Oversampling is the process of sampling a signal at a frequency higher than the target sampling frequency (which is usually the Nyquist frequency). Usually, oversampling is employed to assist in anti-aliasing.

In digital audio recording and playback, oversampling is used to compensate for the lack of good analog low-pass filters. In essence, this allows us to improve the quality of the filtering by augmenting a low-quality analog filter with a high-quality digital filter. It's much easier to make a good digital filter than to make a good analog filter.

Oversampling for A/D Conversion

Here is a concrete example of how oversampling can help with digitization (analog-to-digital conversion). Suppose you want the final sampling rate to be 48kHz. This means that, according to Shannon's Sampling Theorem, the input analog signal must be bandlimited to 24kHz. This is usually achieved by applying an analog low-pass filter to the analog signal to eliminate all frequency components above 24kHz.

Ideally, this filter should be a sinc function. In the frequency domain, the filter is a box function -- the value of the filter is 1 in the range of 0kHz to 24kHz (the pass band), a sudden jump to 0 at 24kHz, and 0 thereafter. However, in practice, it's impossible to create this ideal filter. Therefore, we have to do with an approximation -- an approximation which attenuates some frequencies below 24kHz while not completely eliminating those above 24kHz. Instead of a sudden jump from 1 to 0 at 24kHz, the filter has a gradual slope from 1 to 0 centered around that frequency (this range of frequencies is called the transition band).

Here's where oversampling is useful. We push up the cutoff frequency of the analog filter above 24kHz -- say, to 48kHz. This way, even with the imperfect analog filter we have, no frequency below 24kHz is attenuated and all frequencies above 72kHz are completely eliminated. We then oversample the signal at 96kHz. Frequencies in the range 48kHz to 72kHz are folded into the frequency range 24kHz to 48kHz, but this is OK. Now we filter that digitized signal again -- using a digital filter this time. The digital filter serves two purposes: (1) to filter out all frequencies above 24kHz, and (2) to reduce the sampling frequency to 48kHz (resampling). In effect, the digital filter takes a weighted average of consecutive samples. There's no aliasing because the final sampling rate is the Nyquist frequency. Now we have the signal digitized at 48kHz like we wanted.

Oversampling for D/A Conversion

Oversampling is also useful for the reverse process of digital-to-analog conversion. This process is the exact mirror of oversampling analog-to-digital conversion. First, remember from signal processing theory that the sampled 48kHz digital signal has aliases centered at frequencies which are integer multiples of 48Hz. To convert this back into an analog signal, we have to get rid of those aliases with a low-pass analog filter. Again, ideally we would like a perfect sinc filter which eliminates frequencies above 24kHz, but we don't have one. Oversampling comes to the rescue.
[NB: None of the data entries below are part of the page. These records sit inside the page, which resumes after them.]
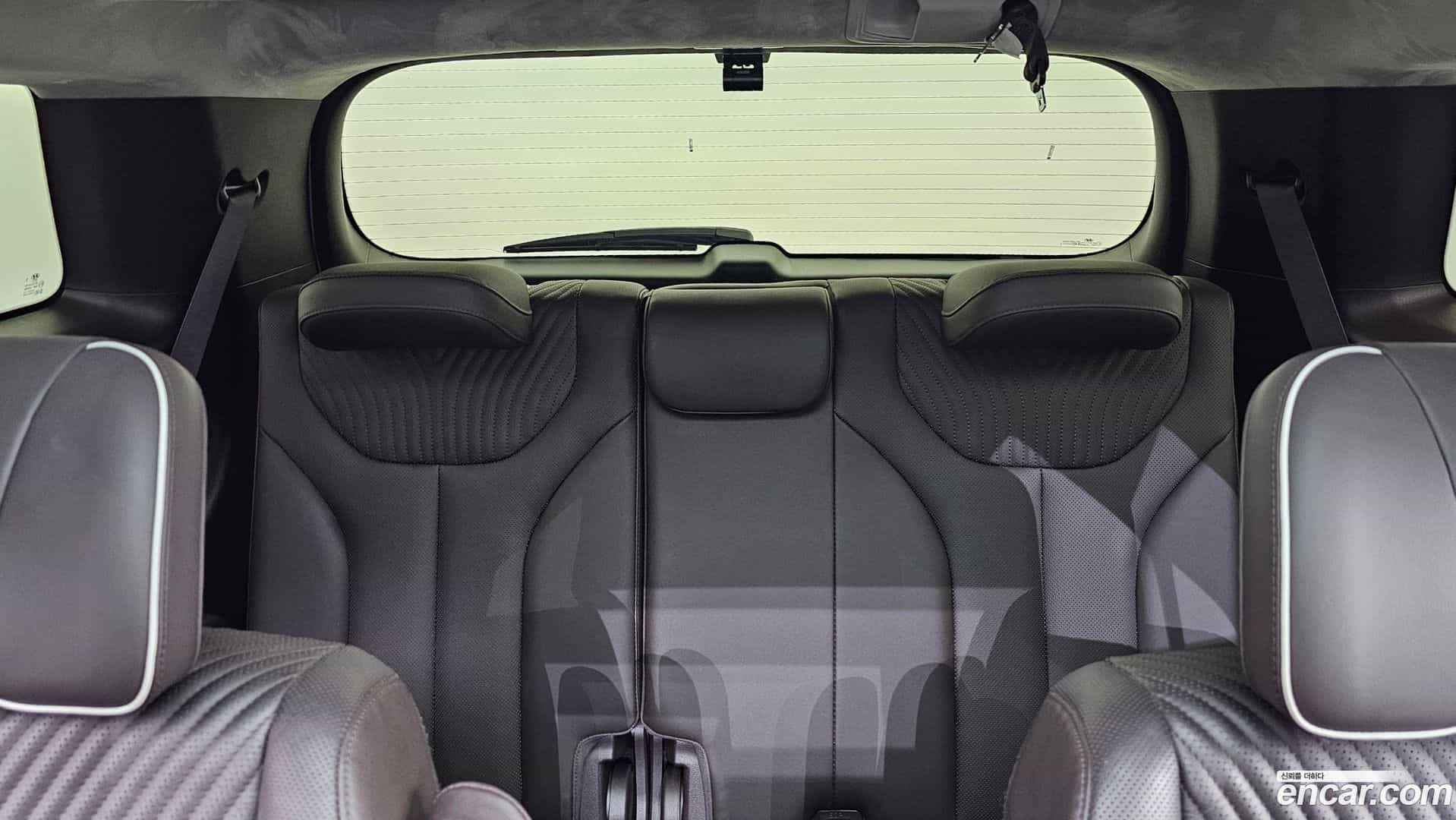 Palisade Hyundai 2022.5-OPTION-043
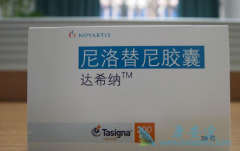 ����������/��������������Ч���Ͱ�ȫ���ϱȸ�����������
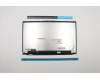 Lenovo 5D10S39615 Lenovo LCD Module,15.6\",FHD,Touch,Glare,IPS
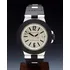 Bulgari Aluminiun 38mm  Original Na Caixa Super Conservado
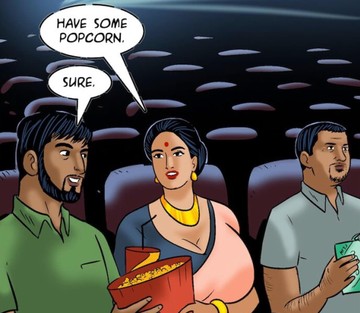 Issue 98 - Page 94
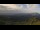 Webcam in San Martino, 9.4 km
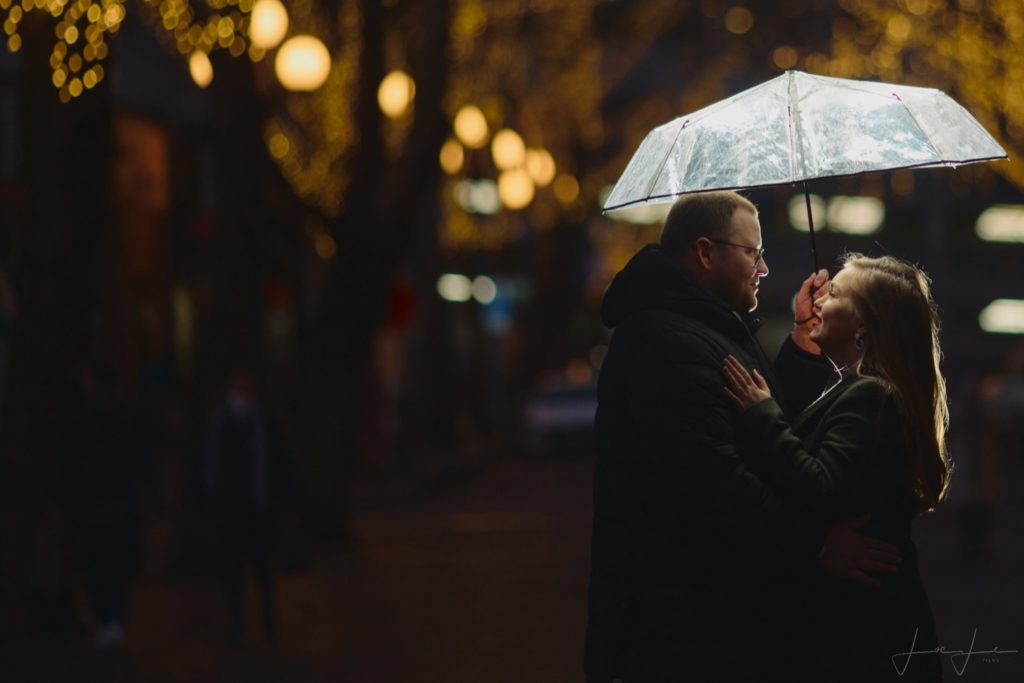 Seattle Wedding Photographer Loc Le Films 19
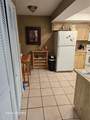 1461 Felton Street - Photo 10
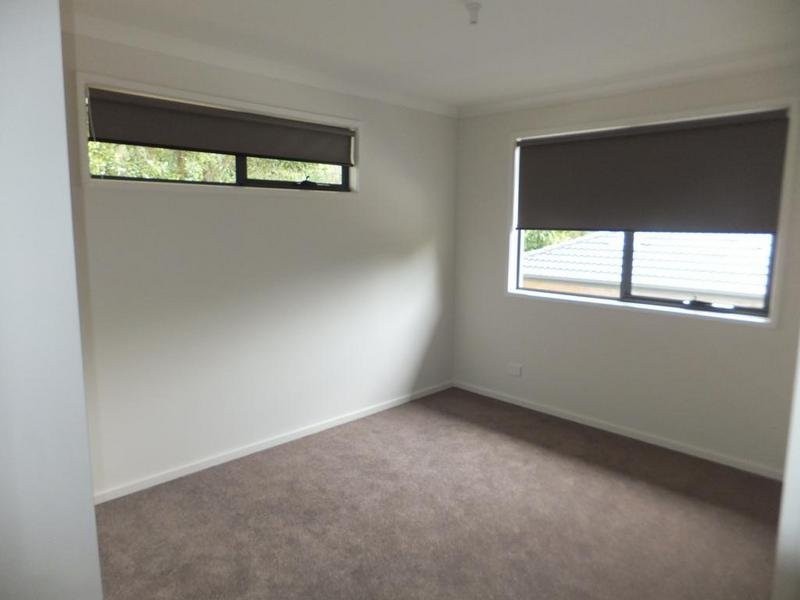 3/14 Tallent Street, Croydon VIC 3136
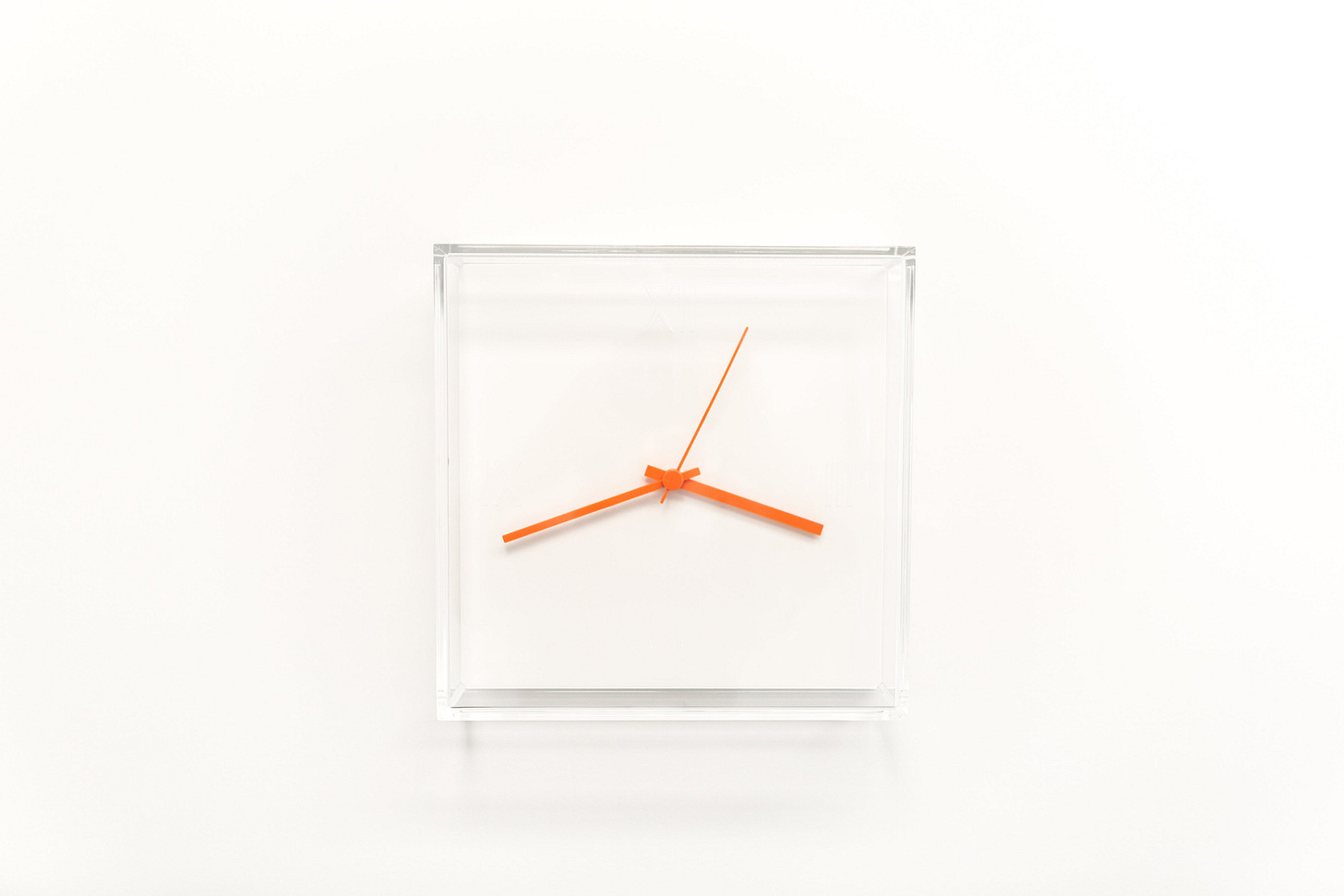 intermittent fasting useless intermittent fasting useless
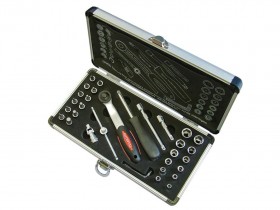 Click For Bigger Image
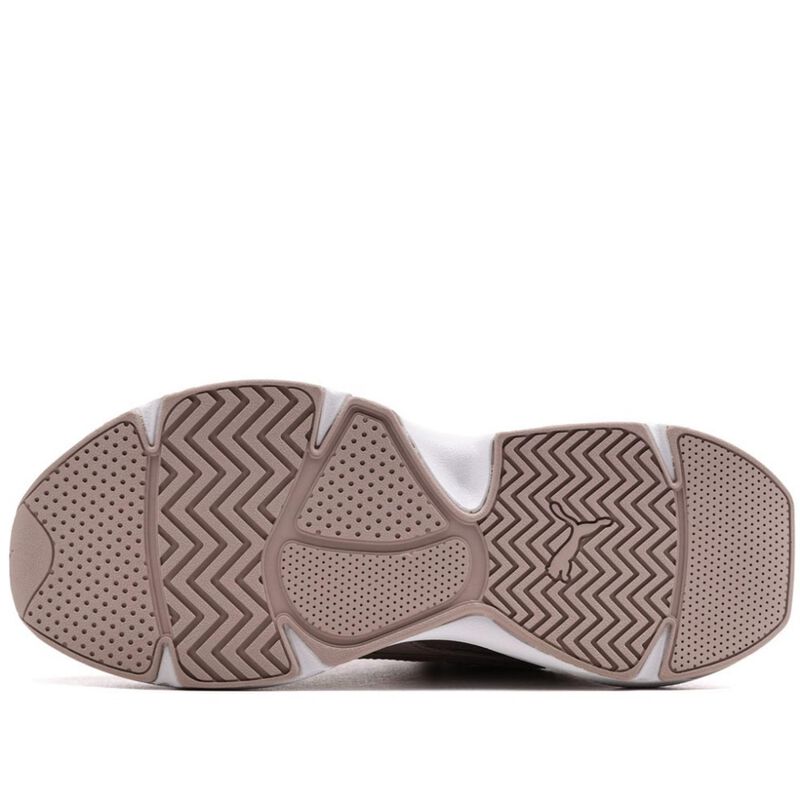Tenis Puma Cassia 2.0 L Para Mujer image number null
First, the 48kHz digital signal is interpolated by using another digital filter to a sampling frequency of 96kHz. This moves the first alias image to be centered at 96kHz instead of at 48kHz. Since the relevant signal is bandlimited to 24kHz, there are no frequency components in the 24kHz to 72kHz range. Now we can use the analog filter we used in the A/D conversion to get rid of the components above 72kHz.

Oversampling and Quantization Noise

Oversampling is also useful in dealing with another artifact of digitization: quantization noise. Consider a non-oversampled digitization at 48kHz. It is easy to show that quantization noise shows up as white noise in the frequency region from 0kHz to 24kHz. If you oversample and digitize at 96kHz, the total amount of noise doesn't change, but it is spread out in the region from 0kHz to 48kHz. The noise in the range 0kHz to 24kHz is reduced by a factor of 2. The digital decimation filter eliminates the noise in the 24kHz to 48kHz range. In general, a factor of 2 in the oversampling rate leads to a factor of 2 in reduction of the quantization noise in the digitized signal.

More sophisticated implementations employ the technique of noise shaping. In this technique, the frequency distribution of the quantization noise is modified so that more of the power is distributed in a higher frequency range. That high-frequency noise can then be eliminated with a low-pass digital filter. See the writeup on sigma-delta ADC for a concrete application of this technique.

Related Ideas

A related concept in computer graphics is called supersampling. Unlike oversampling, supersampling does not involve analog filtering or quantization.